To promote El Alma al Aire, Sanz began his El Alma al Aire Tour on 17 February 2001 in Caracas, Venezuela. Sanz toured throughout Latin America, Spain, and the US. The tour concluded on 22 September 2001 in Tenerife, Spain. His nine concerts at the National Auditorium in Mexico City grossed over $2.8 million, the highest-grossing concerts of March, according to Billboard. The set list consisted of songs from El Alma al Aire and his previous albums. In March 2002, Warner Music released the El Alma al Aire en Directo live album on VHS and DVD, which was filmed during a 28 June 2001 show at the Vicente Calderón Stadium in Madrid, Spain.

===Singles===
"Cuando Nadie Me Ve" was released as the lead single from El Alma al Aire on 18 August 2000. It peaked at number three in Ecuador; number four in El Salvador, Nicaragua, Panama, and Uruguay; number eight in Guatemala; and number twelve on the Billboard Hot Latin Songs chart in the US. The music video for "Cuando Nadie Me Ve", directed by Sebastien Grousset, was released on 14 September 2000. In the video, which was filmed throughout Madrid, Spain, Sanz is seen kissing and fighting with various women in a boxing ring in several scenes. The visual received a Latin Grammy nomination for Best Short Form Music Video in 2001. "Quisiera Ser" was released as the album's second single on 5 December 2000; it peaked at number nine in Chile, number four in Spain, and number seventeen on the Hot Latin Songs chart in the US. Alejandro Toledo directed the music video for "Quisiera Ser", which was also filmed in Madrid. The music video features Spanish models Esther Cañadas and Elia Galera and Colombian model Martha Lucía Pereiro in a jealousy triangle with Sanz. It ends with Sanz being poisoned at a costume party. According to Toledo, he was inspired by "Sleeping Beauty" while adapting to the song's message.

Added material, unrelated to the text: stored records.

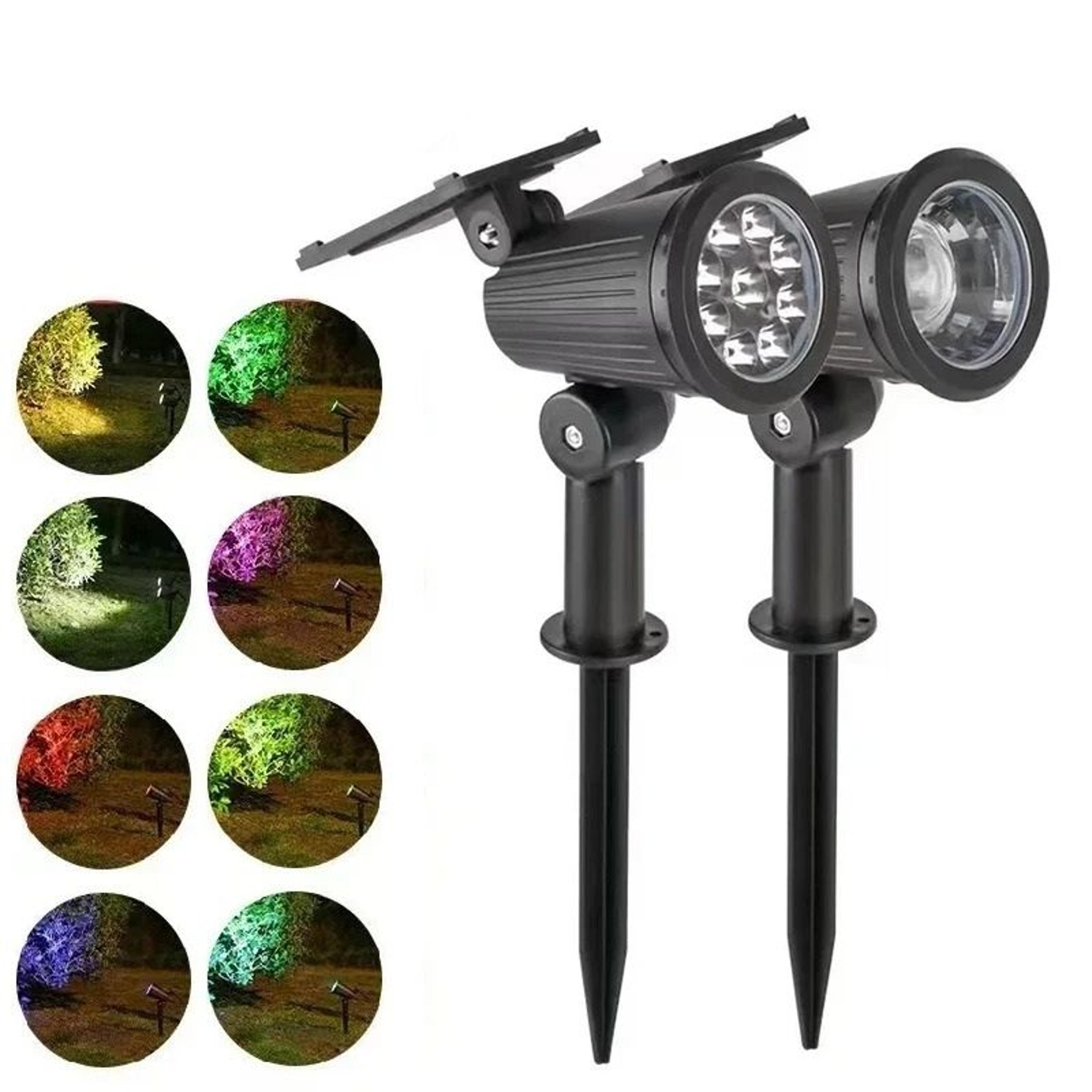 garden 9-led solar powered adjustable landscape spotlight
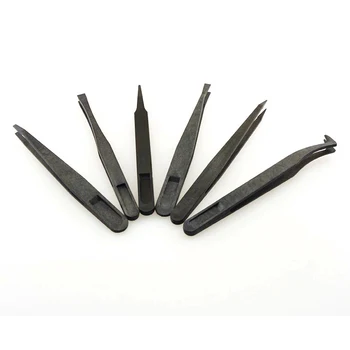 

1 PCS Plastic Carbon Fiber Tweezers ntistatic Straight Curved Anti-static Conductive Tweezer Clip Hand Tools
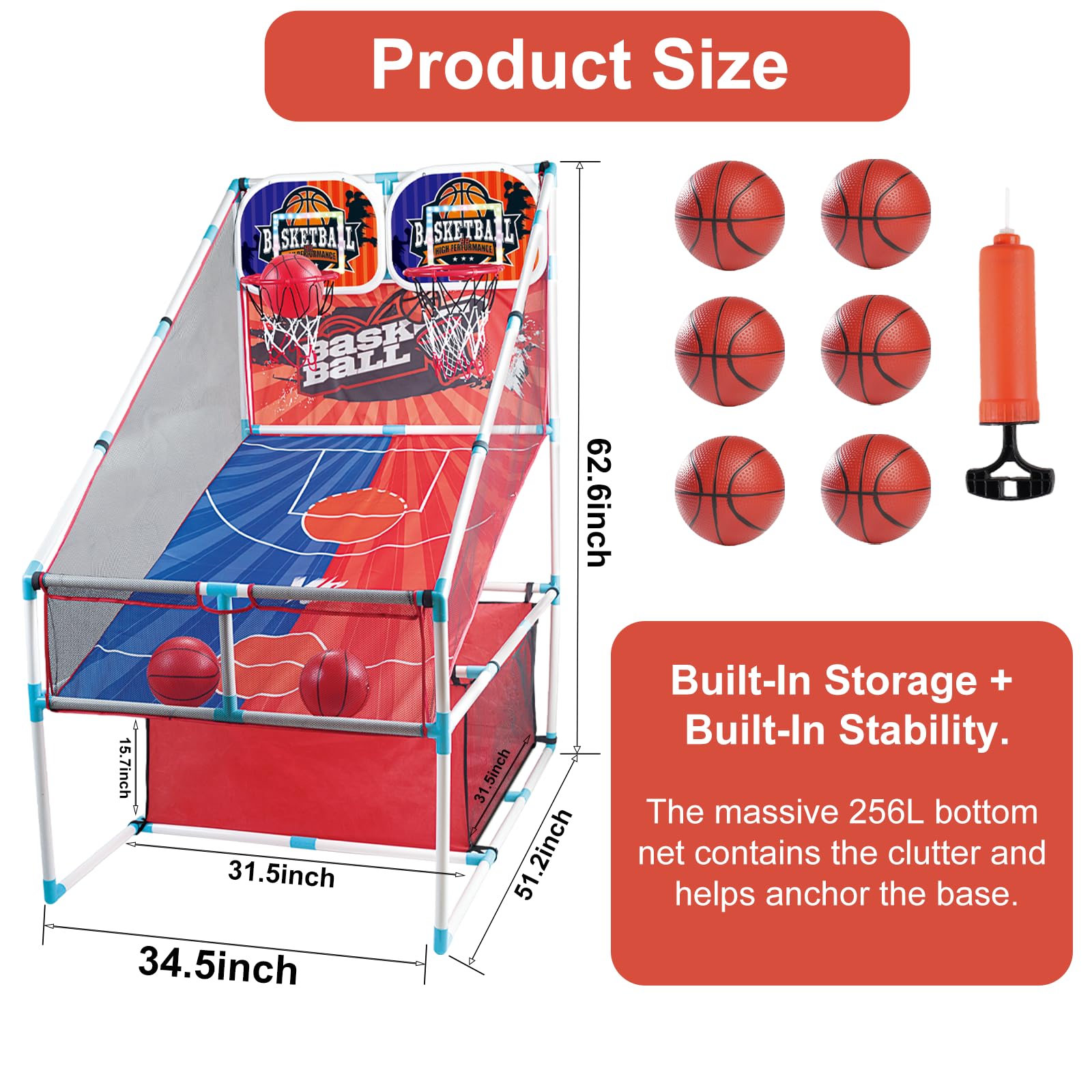 grnpeak basketball arcade game pump keeps inflation ready for play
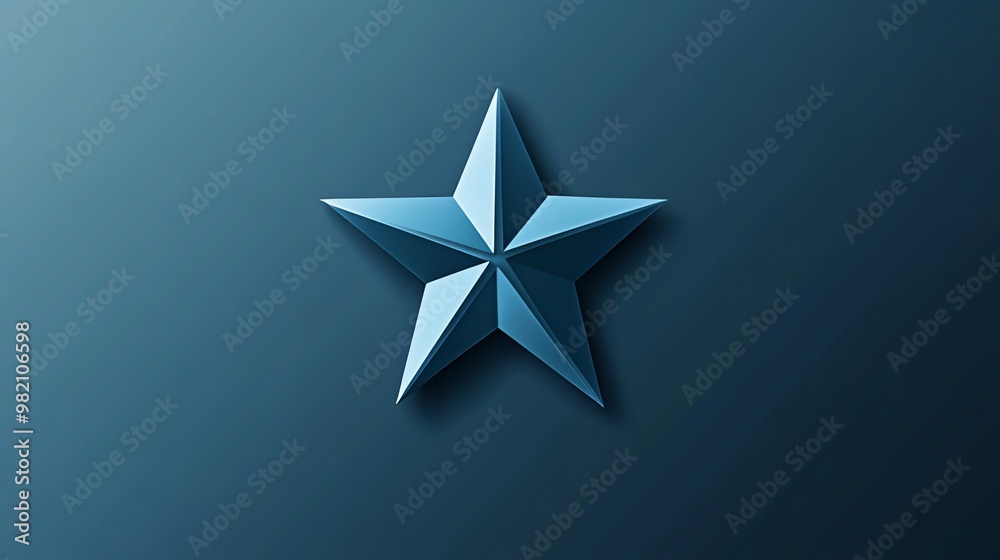 A single blue star sits on a blue background, with a slight shadow. A single blue star sits on a blue background, with a slight shadow.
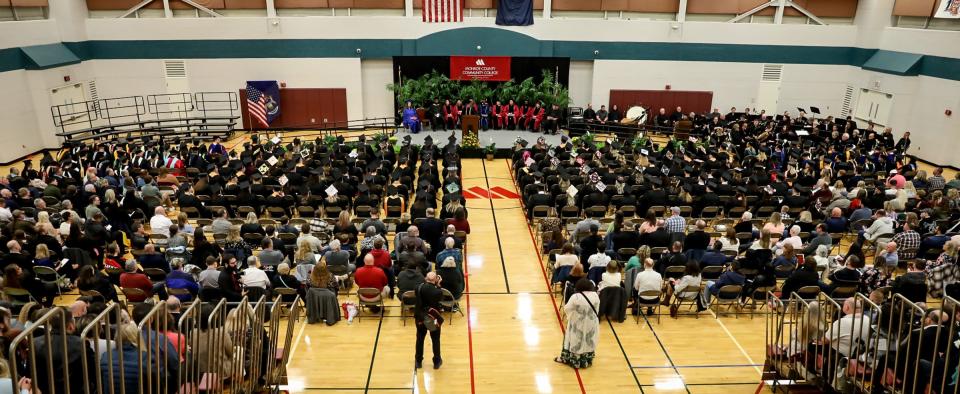Monroe County Community College's April 28, 2023, commencement ceremony is pictured. This spring's commencement is Friday, May 3.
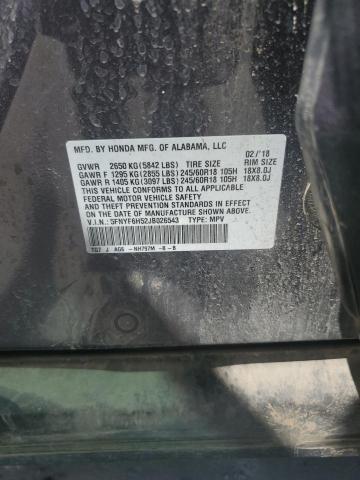 5FNYF6H52JB026543 - 2018 HONDA PILOT EXL GRAY photo 13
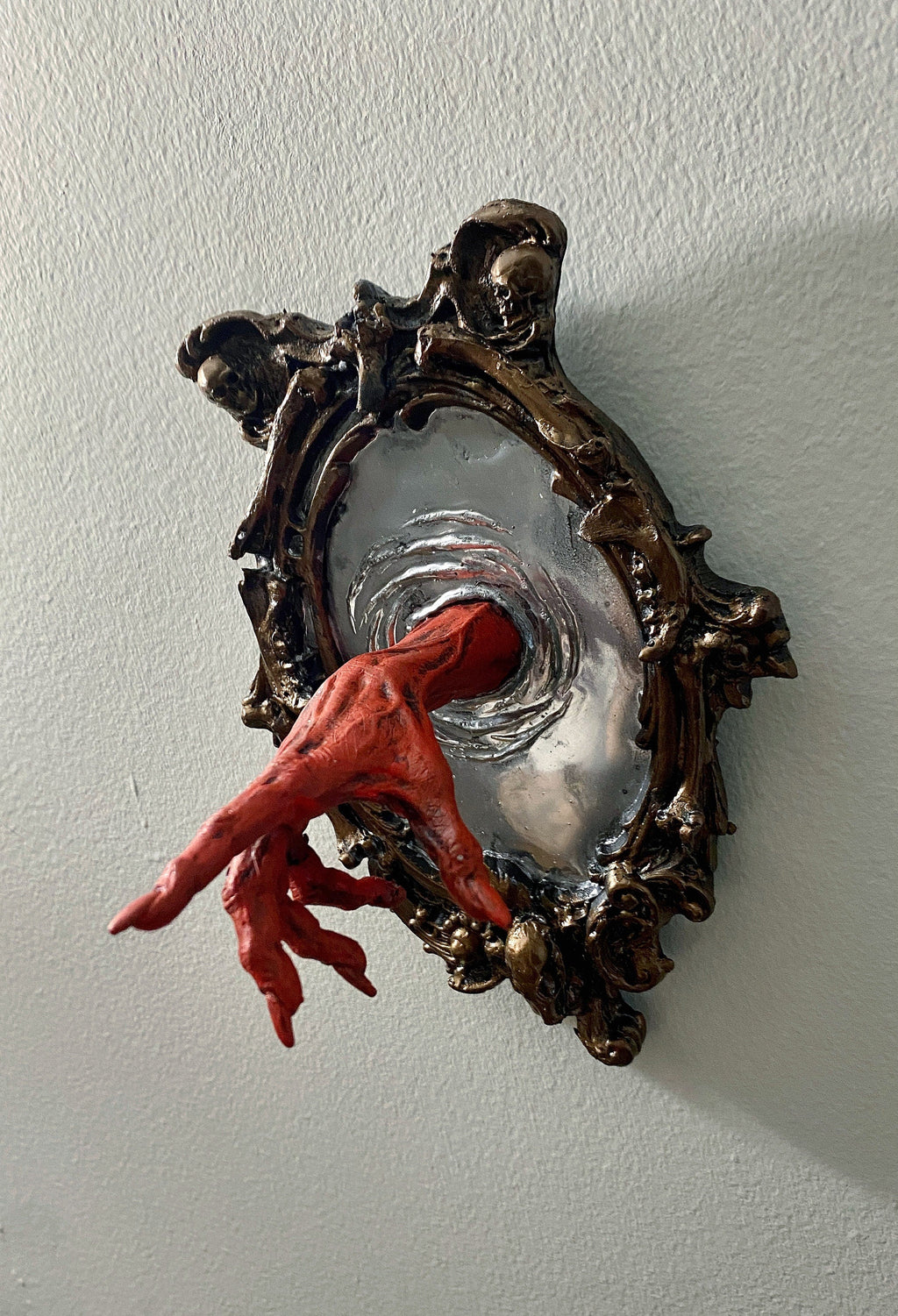 Spectral Hand Wall Plaque, Blood Red Resin Sculpture | Victorian Gothic Haunted Wall Art |Ghost Hand Gift for Halloween, Spooky Home Decor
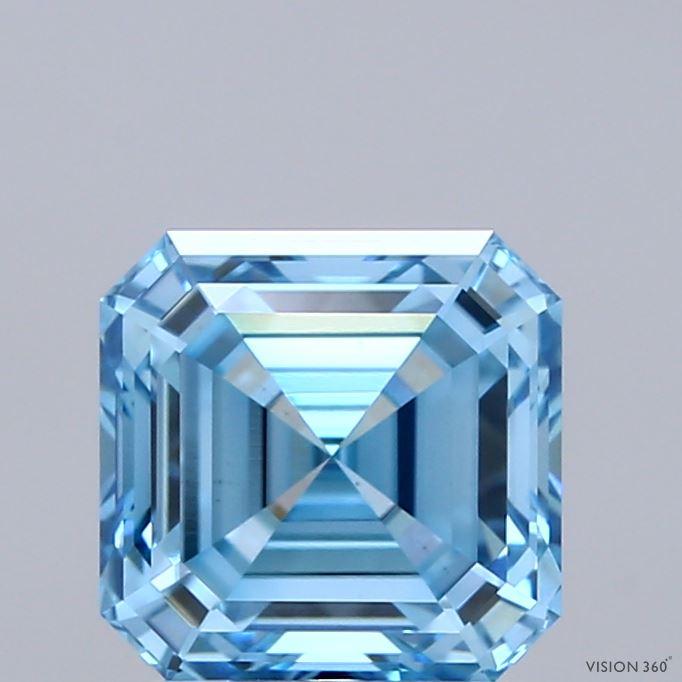 2.11 Ct. Fancy Vivid Blue Asscher Lab Grown Diamond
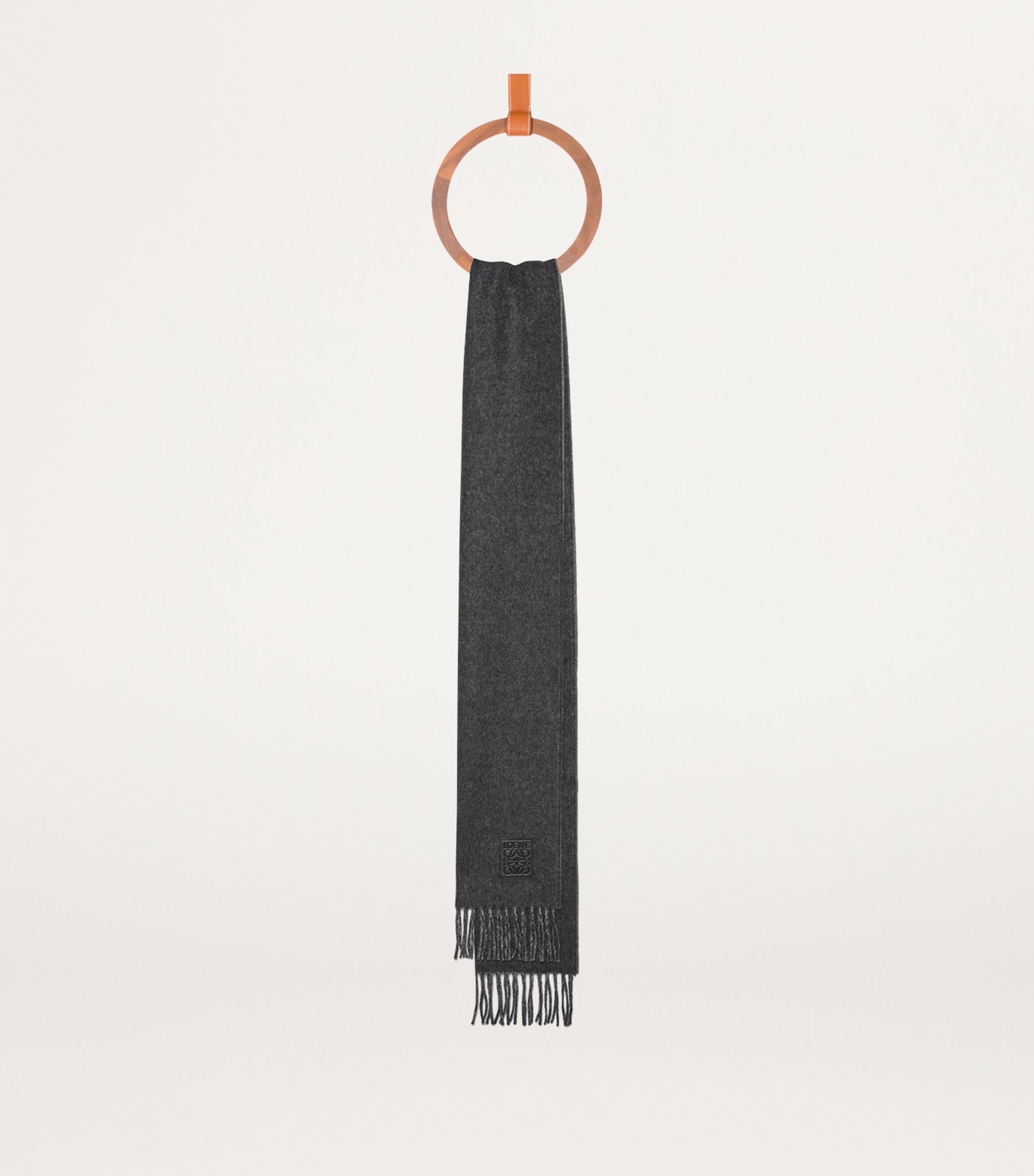 LOEWE Wool-Cashmere Anagram Scarf Black/grey Image 3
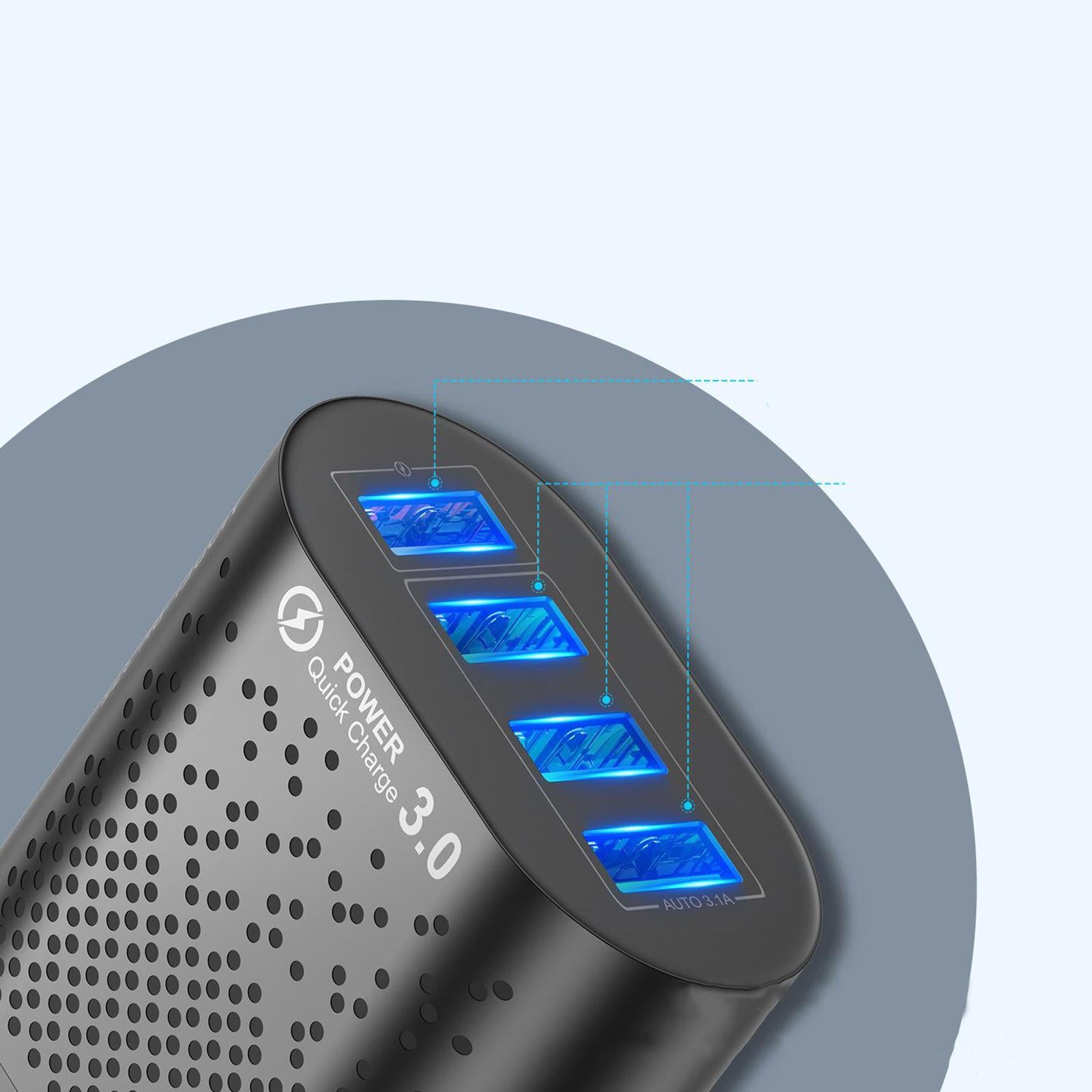 4x4 USB Ports Hub Wall Charger Power Adapter EU Plug USB Cube Adapter Black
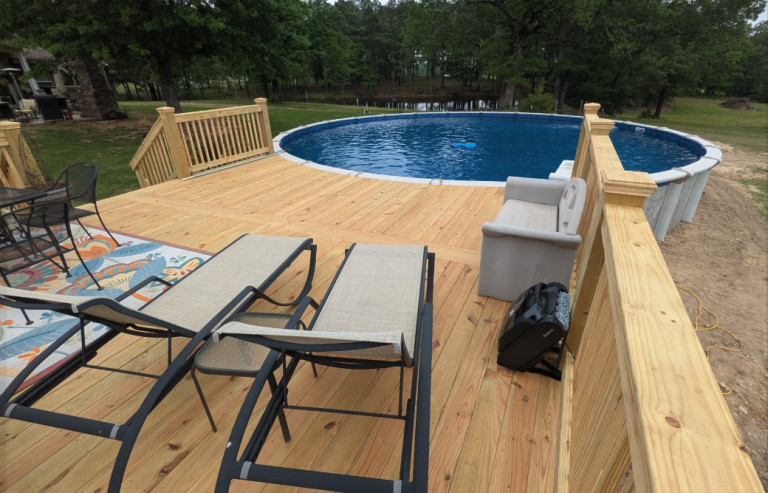 Custom pool deck by Aaron's Handyman Services in Hot Springs, AR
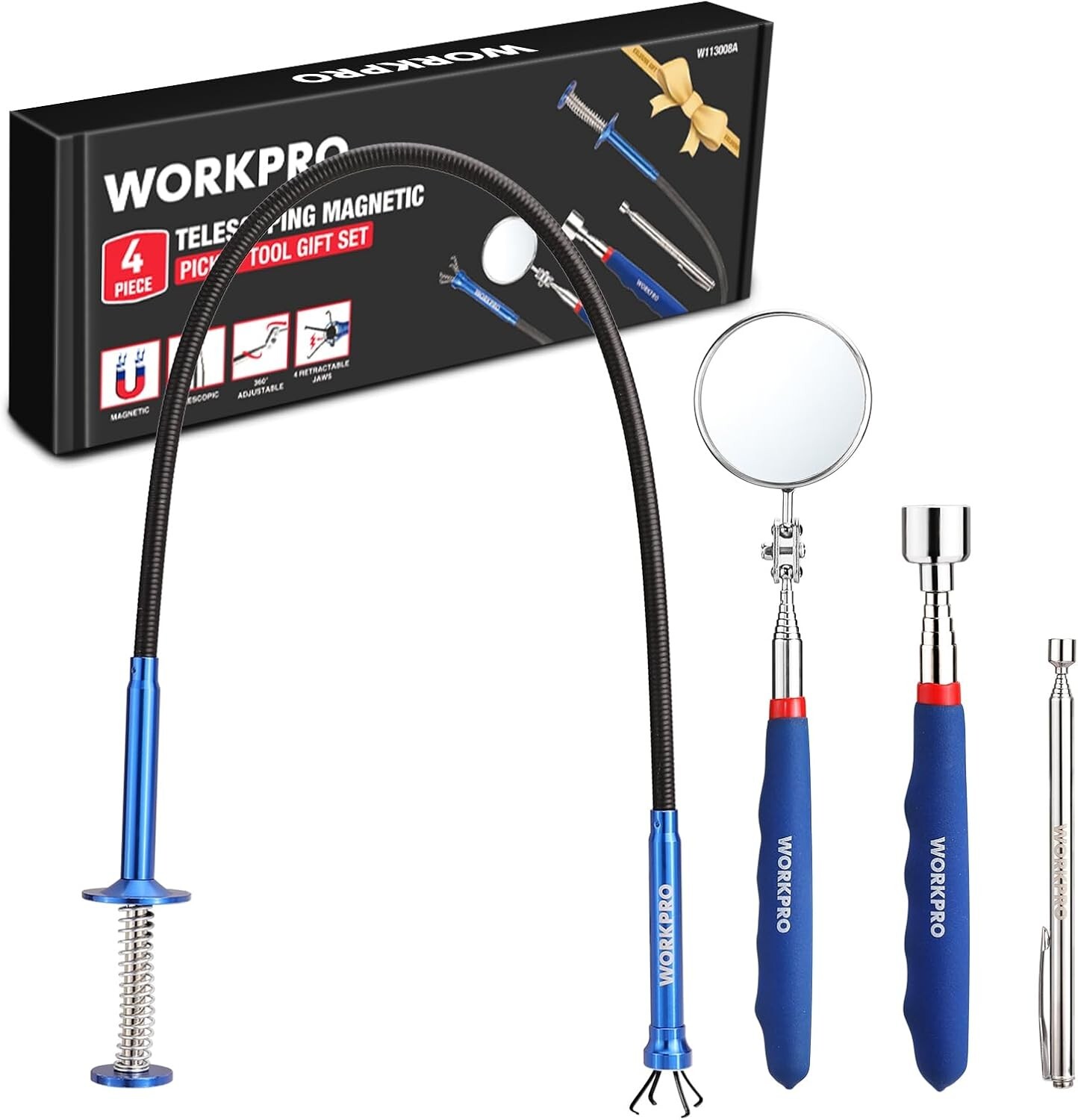 Ultimate 4-PC Magnetic Pickup and Grabber Tool Kit for Home and Automotive Use - Image 3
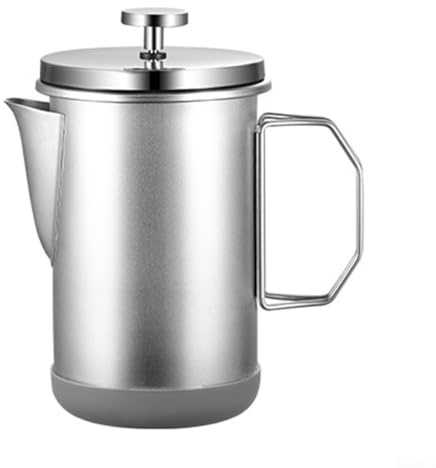 Cafetera de acero inoxidable para verter sobre el camping, resistente a la corrosión 304 con función de espumador para prensa francesa, té y leche, portátil, compacta, color negro plateado (plata)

The title track was released as the third single in 2001 and reached number 40 on the Hot Latin Songs chart in the US. Its music video, also directed by Toledo and filmed in Madrid, narrates an immortal man played by Sanz who, throughout different time periods, falls in love with taken women. Several Spanish celebrities appear in the video, including singer Miguel Bosé, filmmaker Santiago Segura, and actors José Coronado and Gabino Diego. In addition to the three singles, "Hay un Universo de Pequeñas Cosas" was released as a promotional single for the album in 2001, as was "Me Iré (The Hardest Day)" for the special edition of the record. A music video was released for the latter, filmed in the Iberian Peninsula. A music video was also made for "Llega, Llegó Soledad".

===Re-releases===
El Alma al Aire was re-released in 2007 with demos of "Cuando Nadie Me Ve" and "El Alma al Aire", as well as a DVD with the music videos for "Cuando Nadie Me Ve", "Quisiera Ser", "El Alma al Aire", "Llega, Llegó Soledad", "Una Noche", and "The Hardest Day", and live performances of several of Sanz's songs from the album at the concert at the Vicente Calderón Stadium in 2001 during his El Alma al Aire Tour (2001). A 20th anniversary edition of El Alma al Aire was released in 2020.

==Critical reception==

The Chicago Tribune critic Achy Obejas stated all the songs in the album are "a Sanz composition: romantic, but realistic, lyrically lush but in fresh and unexpected ways, serious but surprisingly sincere". She commended "Quisiera Ser" as an "addictive hit single". Rating it three out of four stars for the Chicago Sun-Times, Shumski praised the "clever turns of phrase and cut-above-standard lyrics" as well as Sanz's vocals and tunes. The Santa Fe New Mexican writer Ricardo Cores lauded El Alma al Aire for offering "some of the most beautiful songs of his career", citing works such as "Cuando Nadie Me Ve" and the title track for its poetry and music. El Nuevo Herald reviewer Eliseo Cardona wrote: "From the beginning, from the first note that catches your ear, El Alma al Aire reveals its immense magnetism" with its "[l]ustful sound massages, metaphors that turn the imagination right and wrong".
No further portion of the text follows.